A popular New Year’s resolution is to quit drinking alcohol — thanks, holiday season. In fact, Newsweek reported alcohol sales typically drop each January, and tens of thousands of people are signing up for sober-long challenges. But is going dry for the month enough to impact health?

The team at New Scientist decided to put the concept of a Dry January (in October) to the test. Dry January, which has been growing in popularity over the past couple of years, is exactly how it sounds: People abstain from alcohol for a single month. New Scientist teamed up with Rajiv Jalan at the Institute for Liver and Digestive Health at University College London Medical School to investigate. They filled out health-related questionnaires, took ultrasound scans to measure the amount of fat on their liver, and gave blood samples to be used afterward to test levels of metabolic chemicals linked to liver health.

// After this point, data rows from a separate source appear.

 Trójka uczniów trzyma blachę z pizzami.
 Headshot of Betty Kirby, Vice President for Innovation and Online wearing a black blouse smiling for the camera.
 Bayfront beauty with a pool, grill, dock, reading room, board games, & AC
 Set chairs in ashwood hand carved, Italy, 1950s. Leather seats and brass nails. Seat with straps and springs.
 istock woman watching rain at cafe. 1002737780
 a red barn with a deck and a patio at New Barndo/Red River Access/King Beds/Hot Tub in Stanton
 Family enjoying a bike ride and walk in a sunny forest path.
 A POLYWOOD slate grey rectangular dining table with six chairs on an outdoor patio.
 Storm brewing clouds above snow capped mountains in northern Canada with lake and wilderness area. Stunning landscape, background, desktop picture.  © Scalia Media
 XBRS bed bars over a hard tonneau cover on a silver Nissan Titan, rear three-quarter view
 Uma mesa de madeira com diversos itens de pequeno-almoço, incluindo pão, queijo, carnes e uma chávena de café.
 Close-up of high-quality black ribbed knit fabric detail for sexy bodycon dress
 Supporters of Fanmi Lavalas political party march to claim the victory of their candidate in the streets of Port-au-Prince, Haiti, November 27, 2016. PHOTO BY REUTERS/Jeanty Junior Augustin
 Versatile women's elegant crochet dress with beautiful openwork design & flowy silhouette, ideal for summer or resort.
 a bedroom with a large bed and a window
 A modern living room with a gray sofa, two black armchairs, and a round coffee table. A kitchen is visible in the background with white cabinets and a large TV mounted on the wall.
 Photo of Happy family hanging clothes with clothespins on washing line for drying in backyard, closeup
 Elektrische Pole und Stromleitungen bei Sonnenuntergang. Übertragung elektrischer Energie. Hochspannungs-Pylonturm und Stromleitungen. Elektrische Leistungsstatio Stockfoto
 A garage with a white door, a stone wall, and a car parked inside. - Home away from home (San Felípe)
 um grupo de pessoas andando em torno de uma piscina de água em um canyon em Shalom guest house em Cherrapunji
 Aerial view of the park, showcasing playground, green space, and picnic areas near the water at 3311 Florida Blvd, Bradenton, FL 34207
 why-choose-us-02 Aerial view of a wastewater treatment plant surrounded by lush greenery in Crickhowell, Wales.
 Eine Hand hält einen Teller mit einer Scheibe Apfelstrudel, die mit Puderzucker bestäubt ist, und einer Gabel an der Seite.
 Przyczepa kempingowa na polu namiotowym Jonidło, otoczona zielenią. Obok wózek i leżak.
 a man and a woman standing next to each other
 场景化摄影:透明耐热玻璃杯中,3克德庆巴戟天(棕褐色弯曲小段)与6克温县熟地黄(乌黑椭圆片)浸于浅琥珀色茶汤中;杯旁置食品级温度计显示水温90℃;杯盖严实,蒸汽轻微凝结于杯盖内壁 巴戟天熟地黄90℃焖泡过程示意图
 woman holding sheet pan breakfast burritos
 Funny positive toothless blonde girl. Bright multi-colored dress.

For five weeks, some of the staff — all self-reported “normal drinkers” — drank no alcohol, while four continued drinking as they normally would. Though it was a small-scale experiment, Jalan found significant results. The drinking staff’s liver fat fell on average by 15 percent, and almost 20 percent in some individuals. This is highly significant, Jalan said, “because fat accumulation on the liver is a known prelude to liver damage.” Preventing liver deterioration also prevents scarring called fibrosis, as well as non-reversible scarring called cirrhosis.

Additionally, staff who abstained from alcohol reduced their glucose levels by an average of 16 percent — an effect Kevin Moore, an experiment consultant, doesn’t believe has ever been observed. Dropping levels could mean the staff’s bodies became more sensitive to insulin, which is ultimately a sign of better blood glucose balance. An imbalance in blood glucose, as you know, is a hallmark symptom of type 2 diabetes. Blood cholesterol, sleep, and weight loss efforts also improved over the course of the experiment.

Apart from being dissatisfied with their social life (something a couple of Medical Daily staffers know all too well), the experiment was considered a healthful success.

"What you have is a pretty average group of British people who would not consider themselves heavy drinkers, yet stopping drinking for a month alters liver fat, cholesterol and blood sugar, and helps them lose weight,” Moore said. "If someone had a health product that did all that in one month, they would be raking it in."

What’s interesting is that in looking at Dry January trends, Newsweek found evidence participants don’t have to go dry the entire month. Dr. Kevin Fenton of Public Health England told the magazine, “Even if [they] didn’t successfully complete the 31 days, it generally led to a significant decrease across all the measures of alcohol intake.”

Alcohol is but one of the many factors contributing to poor liver function and disease. But, if you're guilty of not prioritizing your liver health (as many of us are), it seems like a great place to start.